■ EXERCISE BRIEF ■
Would you return, word for word, the lines of the data below from the line with "Young Woman Doing Cobra Yoga Pose At Home" through the line with "A pair of white", and no others?

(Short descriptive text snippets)
== Segment start ==
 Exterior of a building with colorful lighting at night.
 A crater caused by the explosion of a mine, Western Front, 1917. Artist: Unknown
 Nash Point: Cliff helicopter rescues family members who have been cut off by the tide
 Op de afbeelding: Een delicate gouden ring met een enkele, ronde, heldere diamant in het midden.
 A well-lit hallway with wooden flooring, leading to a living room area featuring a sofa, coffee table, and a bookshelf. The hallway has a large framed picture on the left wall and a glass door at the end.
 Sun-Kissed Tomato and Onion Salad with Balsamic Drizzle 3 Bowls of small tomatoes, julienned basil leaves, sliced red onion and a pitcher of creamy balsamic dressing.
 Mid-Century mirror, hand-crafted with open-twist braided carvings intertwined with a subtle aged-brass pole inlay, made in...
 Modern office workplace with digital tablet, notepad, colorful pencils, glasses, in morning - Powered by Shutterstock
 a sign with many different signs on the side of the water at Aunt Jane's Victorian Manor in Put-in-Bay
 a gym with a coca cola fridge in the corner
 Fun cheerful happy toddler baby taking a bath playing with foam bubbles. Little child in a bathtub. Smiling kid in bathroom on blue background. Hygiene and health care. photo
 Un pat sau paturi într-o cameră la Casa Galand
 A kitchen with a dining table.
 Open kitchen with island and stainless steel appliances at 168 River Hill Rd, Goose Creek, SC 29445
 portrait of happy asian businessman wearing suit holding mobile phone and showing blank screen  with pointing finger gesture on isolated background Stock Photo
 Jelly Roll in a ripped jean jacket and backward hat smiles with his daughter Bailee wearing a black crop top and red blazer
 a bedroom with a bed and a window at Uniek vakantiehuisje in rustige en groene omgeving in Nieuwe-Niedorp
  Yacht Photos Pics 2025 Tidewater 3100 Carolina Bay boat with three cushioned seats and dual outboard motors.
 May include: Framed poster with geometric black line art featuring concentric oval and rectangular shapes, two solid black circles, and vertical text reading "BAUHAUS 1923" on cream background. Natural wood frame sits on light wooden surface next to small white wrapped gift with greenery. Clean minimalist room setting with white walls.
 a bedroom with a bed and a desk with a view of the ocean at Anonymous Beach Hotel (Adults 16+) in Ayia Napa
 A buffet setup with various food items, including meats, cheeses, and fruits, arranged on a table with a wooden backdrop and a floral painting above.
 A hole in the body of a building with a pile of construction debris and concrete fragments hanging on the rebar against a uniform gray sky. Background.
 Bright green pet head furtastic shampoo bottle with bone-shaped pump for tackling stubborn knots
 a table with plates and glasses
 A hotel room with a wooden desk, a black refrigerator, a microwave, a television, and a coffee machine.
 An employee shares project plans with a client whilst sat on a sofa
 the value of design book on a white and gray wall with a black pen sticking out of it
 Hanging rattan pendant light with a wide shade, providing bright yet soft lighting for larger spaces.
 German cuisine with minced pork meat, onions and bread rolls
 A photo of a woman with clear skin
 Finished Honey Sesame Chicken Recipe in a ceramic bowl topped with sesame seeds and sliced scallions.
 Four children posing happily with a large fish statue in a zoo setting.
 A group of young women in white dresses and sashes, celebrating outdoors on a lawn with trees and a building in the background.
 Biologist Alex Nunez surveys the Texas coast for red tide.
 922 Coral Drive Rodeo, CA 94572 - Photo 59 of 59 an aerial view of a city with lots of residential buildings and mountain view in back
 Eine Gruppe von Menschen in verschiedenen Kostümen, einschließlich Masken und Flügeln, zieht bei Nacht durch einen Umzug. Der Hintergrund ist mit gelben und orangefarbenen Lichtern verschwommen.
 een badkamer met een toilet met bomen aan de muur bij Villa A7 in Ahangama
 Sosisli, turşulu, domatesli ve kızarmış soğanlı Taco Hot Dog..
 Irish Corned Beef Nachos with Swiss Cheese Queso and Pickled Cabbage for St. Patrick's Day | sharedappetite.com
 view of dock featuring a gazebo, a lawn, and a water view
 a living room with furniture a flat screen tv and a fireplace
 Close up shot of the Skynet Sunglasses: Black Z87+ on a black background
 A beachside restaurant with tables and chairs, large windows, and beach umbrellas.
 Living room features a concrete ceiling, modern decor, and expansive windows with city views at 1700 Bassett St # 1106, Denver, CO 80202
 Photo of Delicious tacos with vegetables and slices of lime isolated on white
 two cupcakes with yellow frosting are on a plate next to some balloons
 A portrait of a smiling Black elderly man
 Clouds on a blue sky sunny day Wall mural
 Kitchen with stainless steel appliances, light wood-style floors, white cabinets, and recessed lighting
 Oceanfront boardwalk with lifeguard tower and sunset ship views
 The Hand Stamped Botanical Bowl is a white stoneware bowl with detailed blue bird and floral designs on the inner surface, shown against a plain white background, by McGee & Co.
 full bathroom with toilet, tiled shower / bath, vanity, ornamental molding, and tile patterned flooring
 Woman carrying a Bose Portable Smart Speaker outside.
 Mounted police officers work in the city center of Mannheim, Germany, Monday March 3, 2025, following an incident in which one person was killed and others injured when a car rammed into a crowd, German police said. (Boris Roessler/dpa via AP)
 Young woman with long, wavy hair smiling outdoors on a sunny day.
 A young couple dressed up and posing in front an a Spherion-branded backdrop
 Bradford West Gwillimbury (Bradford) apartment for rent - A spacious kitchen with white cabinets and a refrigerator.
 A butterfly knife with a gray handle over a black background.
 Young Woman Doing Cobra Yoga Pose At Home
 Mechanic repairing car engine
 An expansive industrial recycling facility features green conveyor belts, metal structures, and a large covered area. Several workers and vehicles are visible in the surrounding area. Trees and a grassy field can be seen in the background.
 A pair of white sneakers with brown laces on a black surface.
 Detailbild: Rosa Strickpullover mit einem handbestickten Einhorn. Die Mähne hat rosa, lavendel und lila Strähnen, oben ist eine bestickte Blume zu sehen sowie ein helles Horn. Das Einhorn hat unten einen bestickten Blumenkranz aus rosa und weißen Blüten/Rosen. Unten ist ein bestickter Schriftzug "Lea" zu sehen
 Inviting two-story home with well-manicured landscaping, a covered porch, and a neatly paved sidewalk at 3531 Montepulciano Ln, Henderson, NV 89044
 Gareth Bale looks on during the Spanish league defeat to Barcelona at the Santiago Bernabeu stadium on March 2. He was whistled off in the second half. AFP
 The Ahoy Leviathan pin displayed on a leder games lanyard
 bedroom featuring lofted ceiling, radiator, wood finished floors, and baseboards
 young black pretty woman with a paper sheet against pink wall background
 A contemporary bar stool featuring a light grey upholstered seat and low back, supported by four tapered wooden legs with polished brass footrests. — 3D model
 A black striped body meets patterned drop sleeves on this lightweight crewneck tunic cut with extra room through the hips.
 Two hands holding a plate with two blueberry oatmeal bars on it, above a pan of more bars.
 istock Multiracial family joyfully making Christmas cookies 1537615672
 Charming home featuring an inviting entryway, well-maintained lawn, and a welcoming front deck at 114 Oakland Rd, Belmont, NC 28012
== Segment end ==
■ REPLY TO THE EXERCISE ■
 Young Woman Doing Cobra Yoga Pose At Home
 Mechanic repairing car engine
 An expansive industrial recycling facility features green conveyor belts, metal structures, and a large covered area. Several workers and vehicles are visible in the surrounding area. Trees and a grassy field can be seen in the background.
 A pair of white sneakers with brown laces on a black surface.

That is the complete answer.